**STUDY MATERIAL**
>>>>
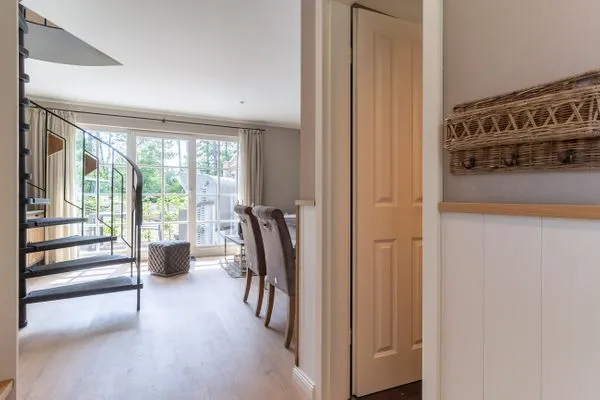 Haus Böhl Haus Böhl Bene - 3 SPO Boehl - 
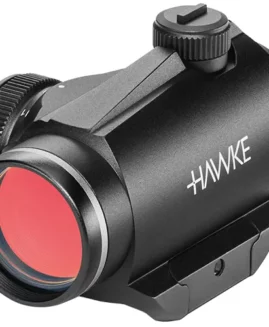 Hawke Vantage 1x20 Red Dot Sight - Weaver/Dovetail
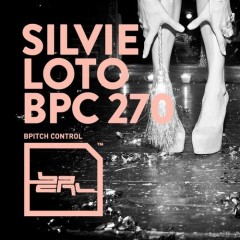 Silvie Loto - Coral Sun (original Mix) on Revolution Radio
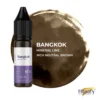 Pigmentos Minerales (Inorganicos) Hanafy 15ml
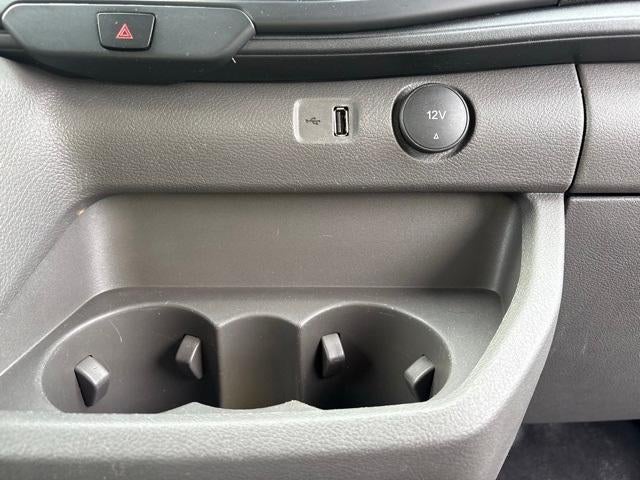2024 Ford Transit Cargo Van Base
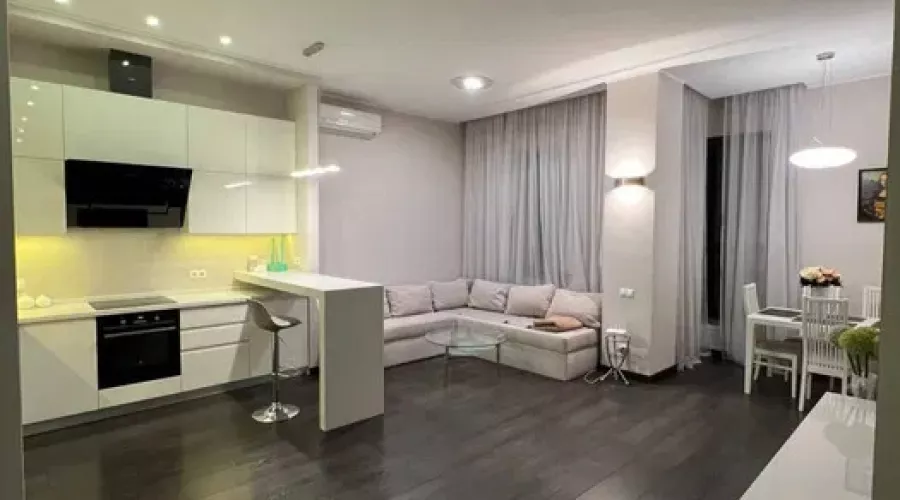 Продаж 3 кімнатної квартири! ЖК Будинок на набережній | Toprealtor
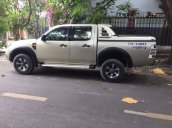 Bán ô tô Ford Ranger 2010 xe gia đình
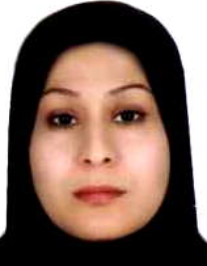 مریم مشتاقی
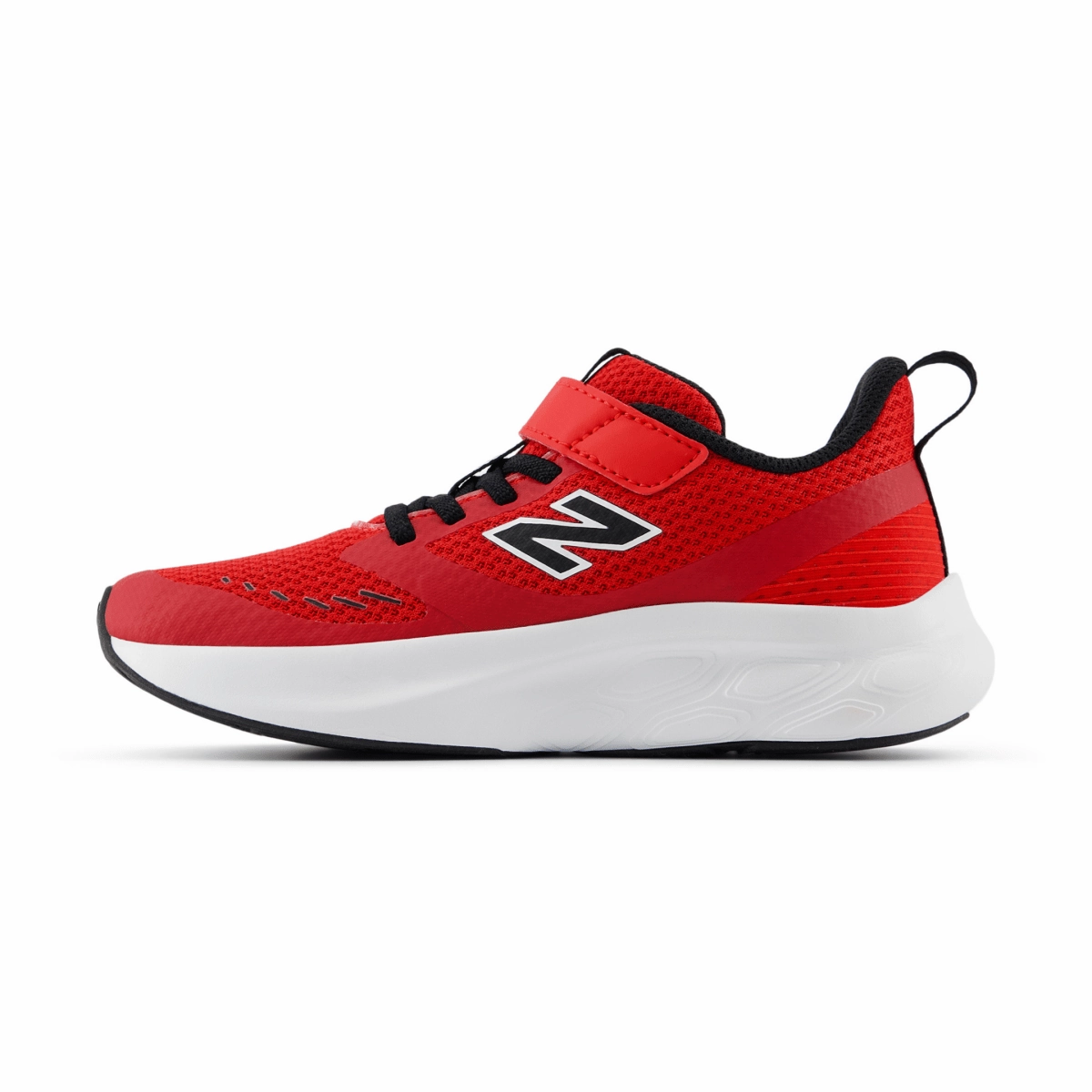 New Balance Kid's (Preschool) Fresh Foam 625 PT625RD True Red/Black/White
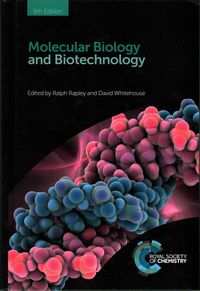 Produktbild: Molecular Biology & Biotechnol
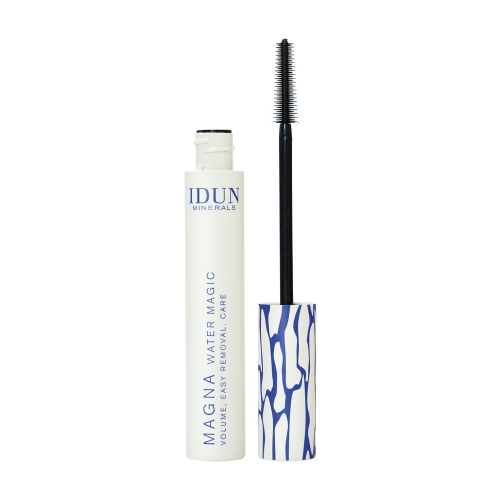 IDUN RIPSMETUSH MAGNA WATER MAGIC MUST 13,5ML - Tootepilt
<<<<
**TASK DESCRIPTION**
Print all the entries exactly as they appear, without the pictures.

**RESULT**
 Haus Böhl Haus Böhl Bene - 3 SPO Boehl - 
 Hawke Vantage 1x20 Red Dot Sight - Weaver/Dovetail
 Silvie Loto - Coral Sun (original Mix) on Revolution Radio
 Pigmentos Minerales (Inorganicos) Hanafy 15ml
2024 Ford Transit Cargo Van Base
 Продаж 3 кімнатної квартири! ЖК Будинок на набережній | Toprealtor
 Bán ô tô Ford Ranger 2010 xe gia đình
 مریم مشتاقی
 New Balance Kid's (Preschool) Fresh Foam 625 PT625RD True Red/Black/White
 Produktbild: Molecular Biology & Biotechnol
 IDUN RIPSMETUSH MAGNA WATER MAGIC MUST 13,5ML - Tootepilt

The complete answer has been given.